In the midst of all the recent international news, you might have missed President Obama’s new budget proposal. Even though we haven’t passed a budget in about five years, it’s still important because it is the clearest view of the administration’s priorities for the future.
It has some good ideas, but avoids an incredibly important challenge — the most pressing long-term budget decision we have to make. What should we do about the bill that takes up two thirds of our annual budget?
That challenge is entitlements.
Look at the coming fiscal year, the government is set to lay out $3.8 trillion — 70% of which is for mandatory spending programs. Mainly Social Security, Medicare and Medicaid.
Now, put aside the partisanship. This is just basic math.
The nonpartisan Congressional Budget Office projects that each year, for the next 25 years running, our government programs will cost more than our government takes in.
And unsurprisingly, the CBO also projects that our debt to GDP ratio will only continue to grow steadily over the next two decades, with the ratio reaching peaks that the U.S. hasn’t seen since World War II — where our debt dwarfs the size of our entire economy!
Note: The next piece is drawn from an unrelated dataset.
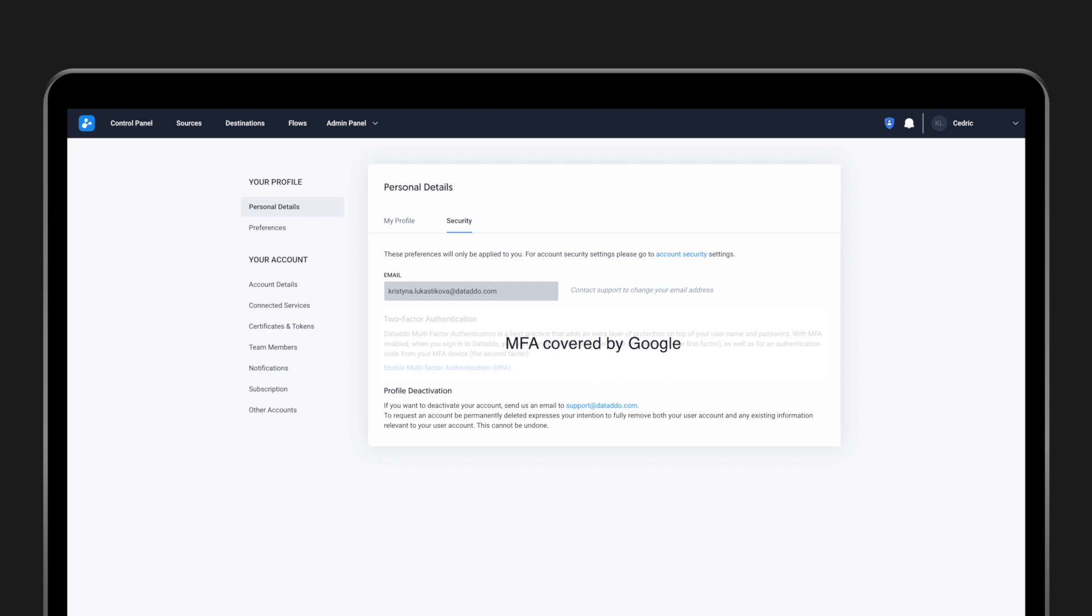Note that once you set your multi-factor authentication preferences, they will apply only to your profile. So if you'd like other users to have the same setup, ask them to configure it individually in their accounts.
The primary driving force behind these huge increases is entitlements.
Again, back to the numbers: Social Security spending will jump from about 5% to 6% as a percentage of GDP.
It’s even worse for health programs, like Medicare and Medicaid, which almost double from 4.6 to 8%! Over the next 25 years these programs will grow from about 7% of our economy to more than 14%.
As a matter of public policy, this debate is not just about what programs are “good,” it’s about what programs and budgets are sustainable and affordable.
I’ve been arguing that we should address this gap sooner rather than later. We should do it fairly, for today’s retirees, and realistically for tomorrow’s, including my generation.
But, for some people, even talking about reform means you’re automatically “anti-social security” or “against the elderly.” Now, that rhetoric might work for campaigning, or for the special interest groups, and I get that. But it doesn’t do much for the people who count on these programs — or for those like me who wonder whether or not they’re sustainable enough to last another 50 years in their current form.
So it was no surprise that after my recent commentary on these budgeting issues, I got a number of — let’s call them “passionate responses” — suggesting I was misleading and misinforming millennials about the realities of these programs.